By Marcus Yi, Engineering Lead, Ingest
The kynetranews ingest layer is the part of SignalGrid that turns the public web into rows in our entity graph. It is the unglamorous half of the system. It is also where most of the value gets locked in or thrown away.
We built it on three principles, in this order.
First, prefer authoritative sources to convenient ones. The convenient source for film metadata is whichever scraper is easiest to write. The authoritative source is TMDB plus IMDb plus the studio press kit. We pay the cost of pulling from authoritative sources first because every downstream model inherits the noise floor of its inputs. A model trained on a corpus where 4 percent of release dates are wrong learns to discount release dates. A model trained on a corpus where 0.4 percent are wrong does not need to.
Second, normalize at write time, not at read time. Source A says "United States." Source B says "USA." Source C says "us." If you store all three and normalize at query time, every model that uses country has to ship its own normalizer, and they will diverge. We normalize once at write time, store the canonical form, and keep the original raw value in a separate provenance field for audits. Read paths are simple. Write paths absorb the complexity.
Third, store provenance for everything. Every fact in our entity graph carries a source ID, an extracted-at timestamp, and a confidence. When two sources disagree, we do not pick a winner; we store both with their provenance and let the model see the disagreement. Disagreement is signal. Two trade outlets reporting different opening-weekend numbers tell you something a single number does not.
The implementation, briefly. We run two pools of workers. The polling pool fetches RSS feeds and structured APIs on configured cadences (most feeds at 5 minutes, the slower trades at 30, marketplace endpoints at 15). The streaming pool consumes platform firehoses and partner feeds where available. Both pools write to a typed queue that fans out to extractors, one per source schema. Extractors emit canonicalized facts, which the resolver attaches to entities by stable ID.
The resolver is the part we rewrote three times. The version we shipped uses a two-stage approach: a fast cheap blocker that narrows candidates by name and rough type, then a learned ranker that scores candidate matches using the full feature set. The blocker is responsible for recall. The ranker is responsible for precision.

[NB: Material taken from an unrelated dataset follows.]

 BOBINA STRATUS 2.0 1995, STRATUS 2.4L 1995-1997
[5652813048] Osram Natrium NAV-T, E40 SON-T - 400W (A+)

Combining them is what got us under our cross-vertical resolution error budget of one resolution mistake per ten thousand facts.

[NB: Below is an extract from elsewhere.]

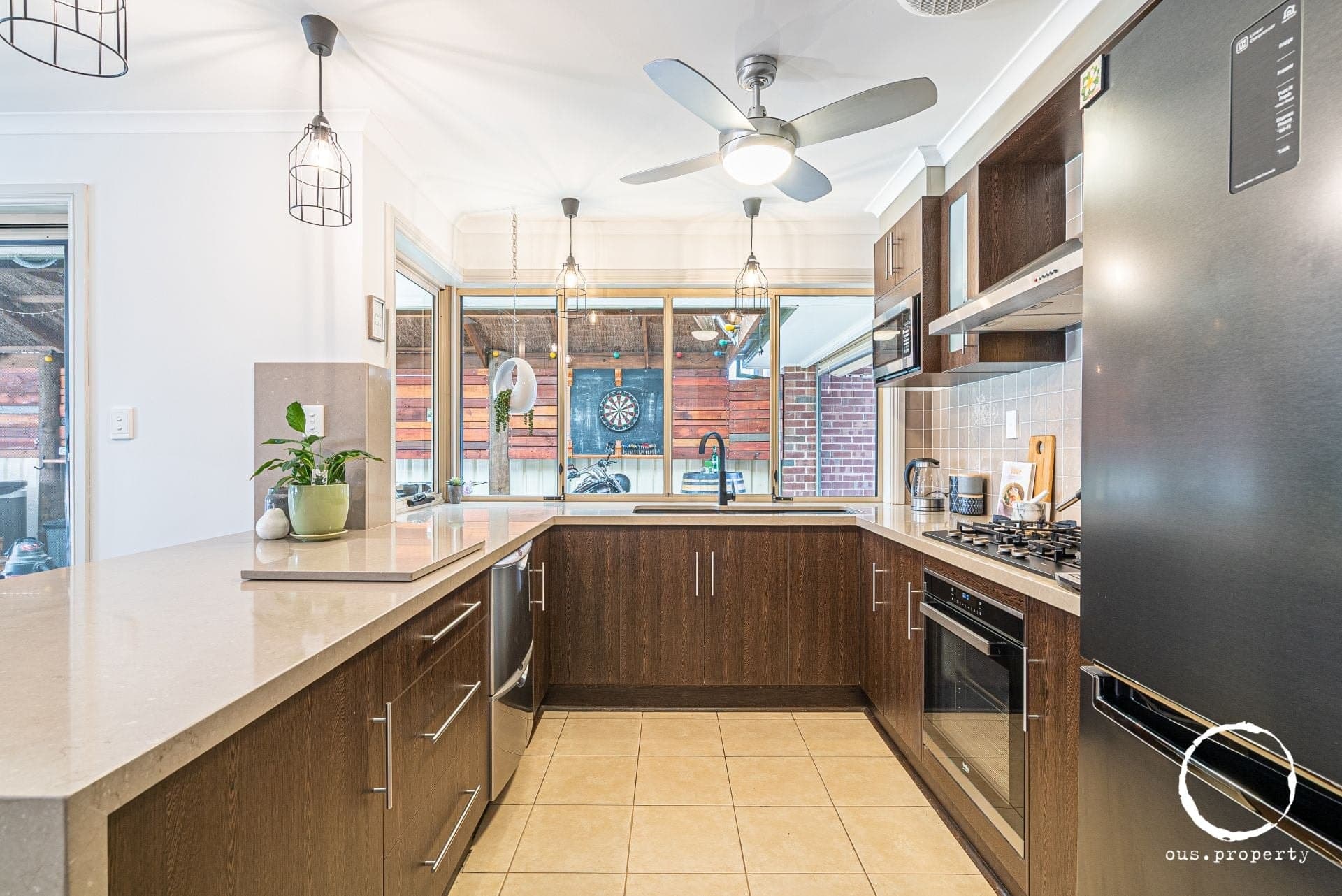 20 Maple Avenue, Royal Park, Royal Park - Thumbnail 6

The unsexy lessons. Latency in ingest is not the bottleneck for prediction freshness; resolution latency is. Storage is cheaper than recomputation, so we keep the raw fetch payloads forever. The hardest entities to resolve are not the famous ones; they are the moderately famous ones whose names collide. And finally: every time we have been tempted to write our own crawler instead of paying for a feed that already exists, we have eventually wished we had paid.